— Supplied material —

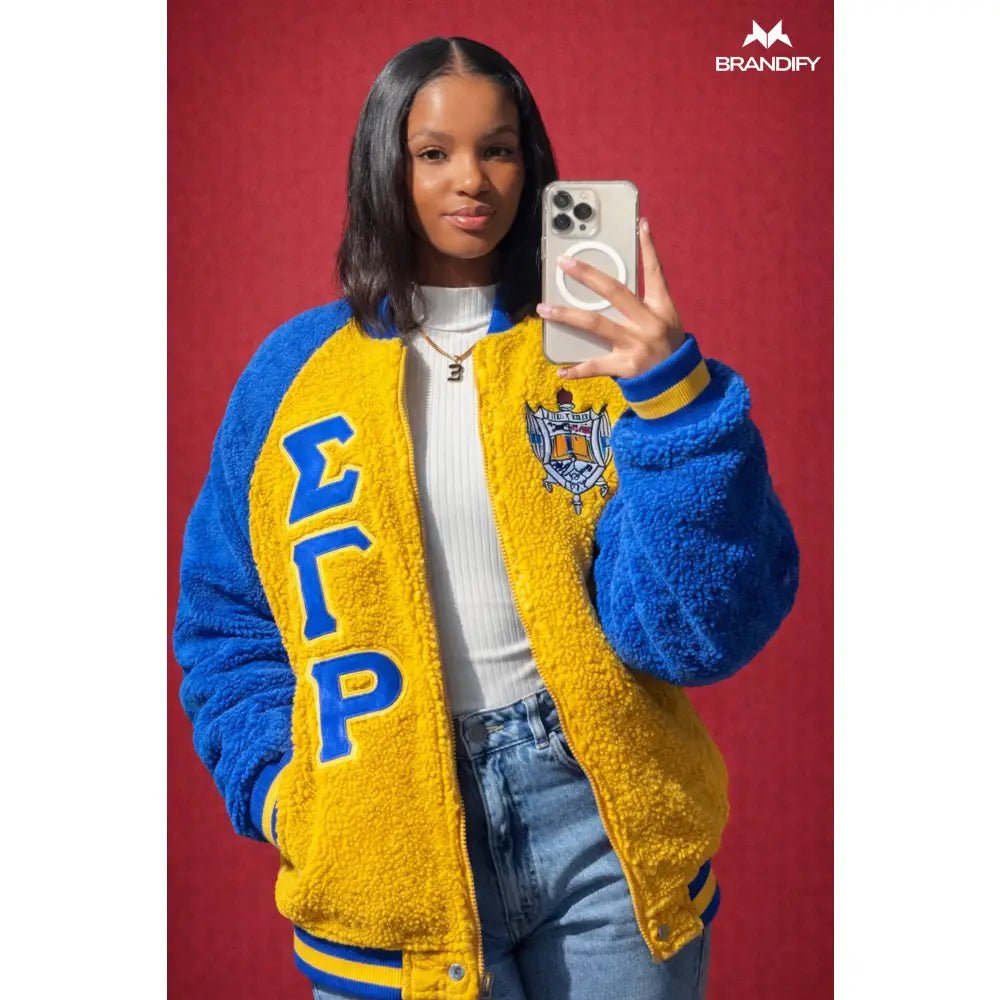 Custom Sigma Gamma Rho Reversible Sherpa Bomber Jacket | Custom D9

--

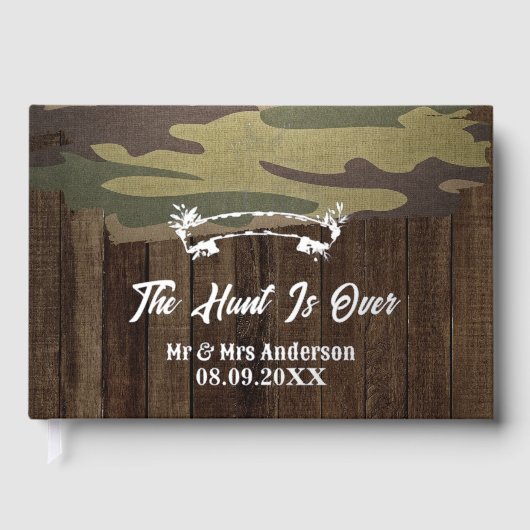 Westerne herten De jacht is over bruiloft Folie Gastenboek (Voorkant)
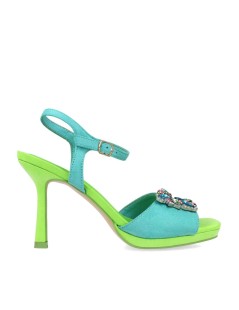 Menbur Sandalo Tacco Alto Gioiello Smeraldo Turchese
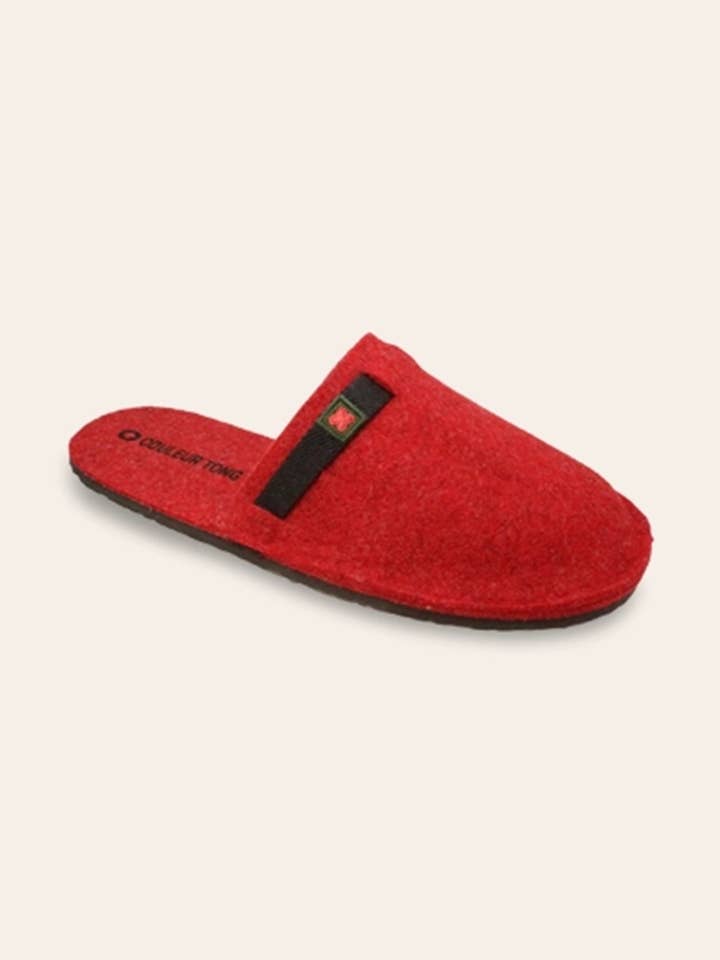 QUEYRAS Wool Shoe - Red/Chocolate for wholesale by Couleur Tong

— Task instructions —
I would like the exact lines from the data above, starting with the one that holds "Westerne herten De" and going on through the one that holds "QUEYRAS Wool Shoe", without the pictures.

— Result of the exercise —
 Westerne herten De jacht is over bruiloft Folie Gastenboek (Voorkant)
 Menbur Sandalo Tacco Alto Gioiello Smeraldo Turchese
 QUEYRAS Wool Shoe - Red/Chocolate for wholesale by Couleur Tong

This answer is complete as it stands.